There is little in the way of revisionism or controversy here; but if the objects are overfamiliar, the subtexts running through them are less so. Avoiding a simplistic chronology, the curators have chosen to define the characteristics of British design thematically. The middle section of the show focuses on subversion. From the late 1960s, a younger generation of creative talent fostered in the British art school system began reacting against the paternalistic impulses of the postwar rebuilders, swapping consensus for dissent. From pop music to fashion, the alternative was suddenly the answer. Samples here include David Bowie and the outlandish outfits of glam rock, the Sex Pistols' anti-aesthetic, Ron Arad and Tom Dixon's salvaged-metal furniture. You could throw in the architecture of Zaha Hadid who, before she was a star, was a kind of one-woman subculture. Hadid spent decades in the wilderness, failing to get her deconstructivist designs built.

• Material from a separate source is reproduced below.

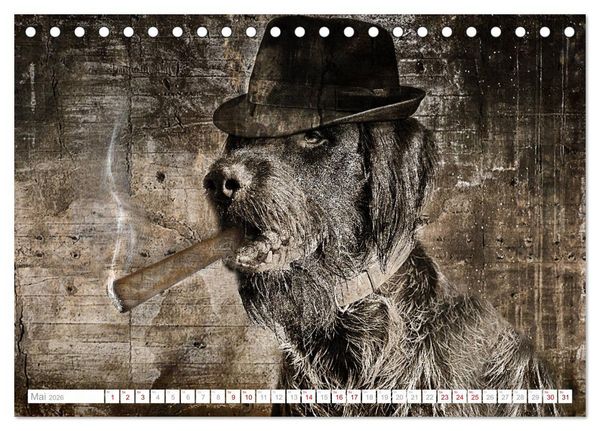 Produktbild: Hund tr&auml;gt Hut (Tischkalender 2026 DIN A5 quer), CALVENDO Monatskalender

This anti-authoritarian streak, by turns camp and punk, has become one of the defining features of Britain's cultural self-image; it's a spiky brand identity that Wolff Olins' Olympic logo has attempted to make official.

The role recession has played in shaping Britain's design identity is one of the more revealing themes. The Festival of Britain was conceived as a means of stimulating the economy, while punk and the creative salvage scene were born of the economic crises of the 1970s and early 80s. In 1986, James Dyson had to take his famous vacuum cleaner design to Japanese manufacturer Apex, because no recession-weakened British manufacturer would take it on. Industrial decline is a bigger story, of course, and yet many of the innovations of the last three decades have been responses to it. When the Sinclairs and Amstrads of Britain's personal computer industry could no longer compete with America and Japan, they moved from software to hardware. Today, British computer game designers are lead players in an industry that's now worth more than Hollywood, responsible for such successes as Tomb Raider and Grand Theft Auto.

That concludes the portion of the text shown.